The private sector – and especially small entrepreneurs – can grow and employ more people once needless layers of forms and rules are stripped out. But who will be deciding which ideas to progress with? And will there be a resolve to implement good ideas? Because the truth is that bureaucrats are in the way of abolishing bureaucratic rules. It’s difficult to see some civil servants admitting that the public think half the tasks their office undertakes are pointless, and that significant change might lead to a smaller, more efficient and less costly back office. Ideally the task will be given to optimistic, dynamic staff who will be allowed to push for change. But there was a pretty successful programme that aired in the 80’s that made a satirical comedy of these very same challenges. Times haven’t really changed.

It will be interesting to watch how this website progresses. However if the government wants to being taken seriously on reducing insignificant, costly tasks, then as well as lifting burdens imposed centrally on the private sector, they need to focus on the public sector back office too, and work out how many people are creating work for themselves and are trying to look busy.

Metro Front Cover
However, one heroic cat managed to cut some red tape this week. You might have seen this story. Five fire crews from up to 30 miles away were sent to rescue one tabby cat from a two-storey roof. I actually didn’t believe the story when I first heard about it; even when it was confirmed it still seemed like a silly mistake. It turned out to be a matter of procedure; they were complying with working at height regulations. Yes, fireman should be safe but some ladder climbing does come with the territory. This wasn’t a skyscraper, it was a two-storey house. And five fire engines from different towns and 22 firemen being sent out is clearly excessive and a waste of money and resources.

I criticised the excessive red tape, saying:

“It’s almost laughable but wasting resources is bad news for taxpayers and others who might have needed to be rescued, so it’s not funny. Of course we want firemen to be safe, but health and safety and red tape has resulted in an excessive and costly response.”

I added on ITV Anglia that surely fire chiefs should be allowed to exercise some common sense. And to their credit, they decided to act and change policy. Great. The cat is also safe too, apparently it found it’s own way down anyway. So a happy ending all round? Not quite, although Senior Fire chiefs had responded to calls for commons sense with a promise to change rules, Union bosses had a different perspective.
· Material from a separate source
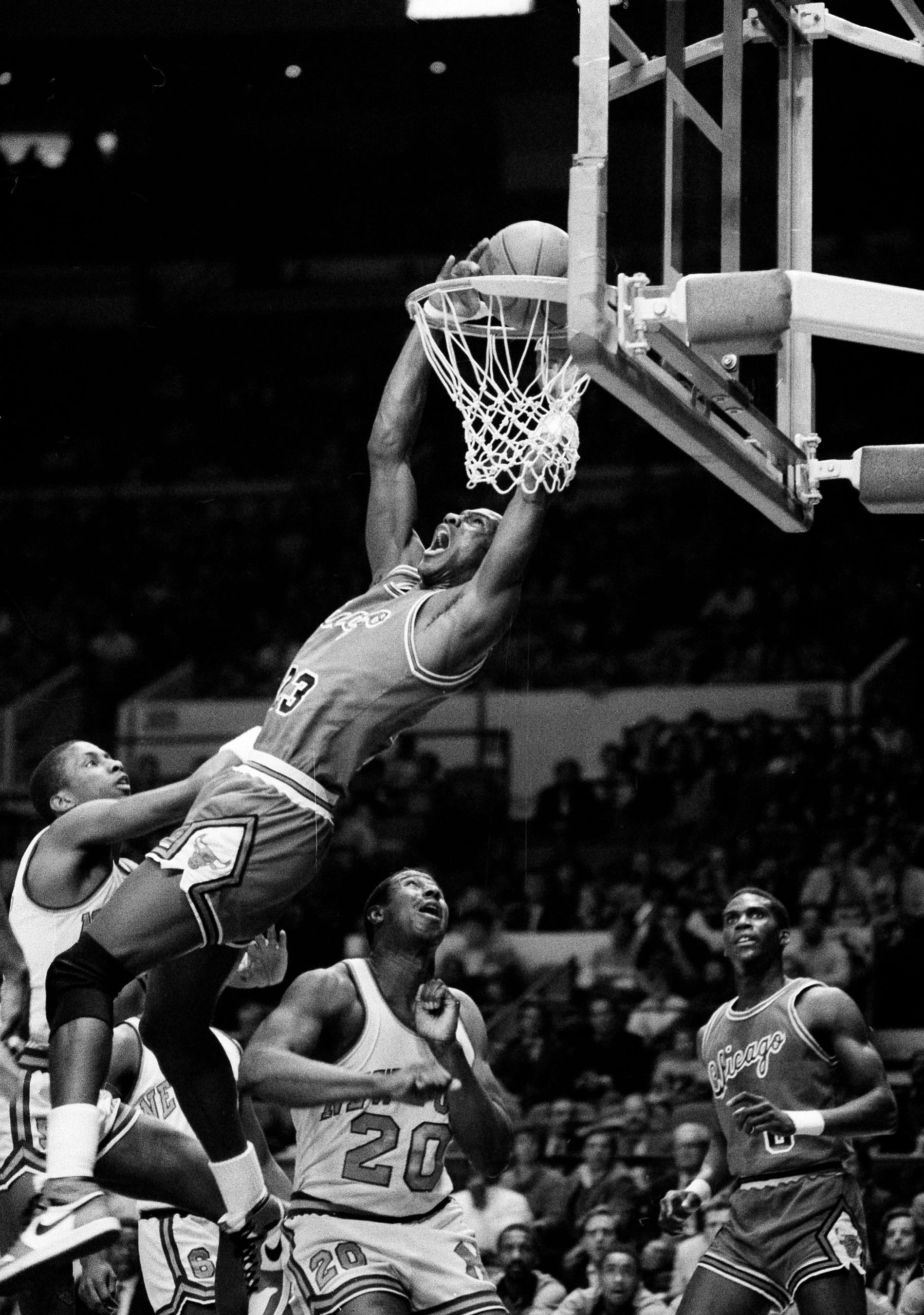 Michael Jordan 1985 mot Golden State Warriors.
The local chairman of the FBU agreed that sending five crews was excessive, but in a move almost as ridiculous as the initial story, he used the opportunity to say they needed more staff.

Andy Vingoe, Suffolk branch chairman of the FBU, said:

“Health and safety says that if we go up on to a roof, it brings into play our working at height procedures and safety system. If a cat is stuck on a roof there is a chance the owner could get distressed and try to rescue it themselves and we would end up having to rescue them as well. It is crazy and it’s overkill and if we are having to send five teams to an incident like that, what happens if there is a serious incident elsewhere? It strengthens our case that we need more people to make sure we have enough cover to cope with the demands of the service.”

But at least fire chiefs have reviewed their policy. Now all we need to do is get that cat on the Red Tape Challenge website. He seems pretty adept at getting rid of bureaucratic rules.